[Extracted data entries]
↓

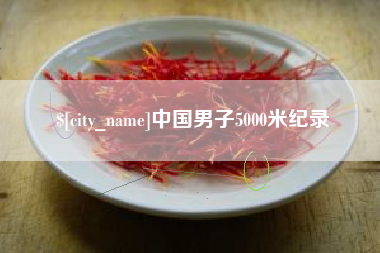 冠县中国男子5000米纪录
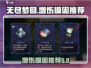 无尽梦回🔥增伤模因推荐，轻松提升战力！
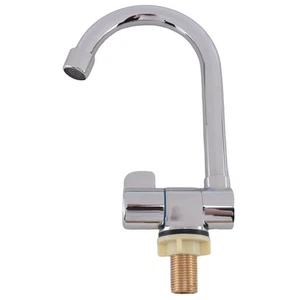 Caravane Bateau 360 DegréS de Cuivre  de Bassin Pliant  D'Eau2502 - Bild 1 von 6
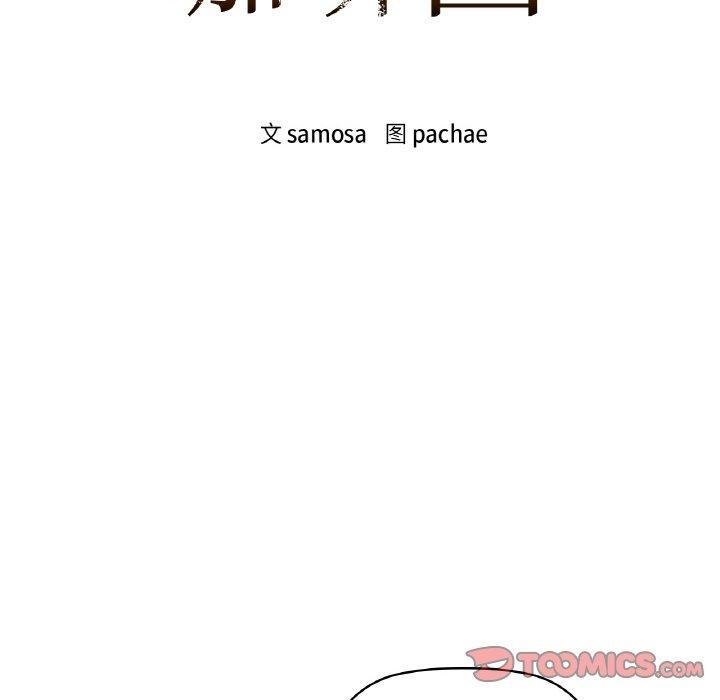 第55话-咖啡因-samosa（第12张）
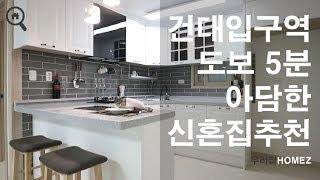 자양동신축빌라매매 건대입구역 3룸 잔여급매 Konkuk University Station New House Jayang-dong RealEstateInSeoul 우리집홈즈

↑

Only the lines from the one that contains "第55话-咖啡因-samosa（第12张）" to the end of the records, inclusive, are to be quoted exactly, with pictures excluded.

 第55话-咖啡因-samosa（第12张）
 자양동신축빌라매매 건대입구역 3룸 잔여급매 Konkuk University Station New House Jayang-dong RealEstateInSeoul 우리집홈즈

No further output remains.